> [ASSIGNMENT]: Print out the whole listing below exactly as it is written.

> [STORED DATA]:
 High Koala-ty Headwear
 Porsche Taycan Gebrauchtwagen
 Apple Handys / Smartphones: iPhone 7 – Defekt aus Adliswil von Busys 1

> [ANSWER SPACE]:
 High Koala-ty Headwear
 Porsche Taycan Gebrauchtwagen
 Apple Handys / Smartphones: iPhone 7 – Defekt aus Adliswil von Busys 1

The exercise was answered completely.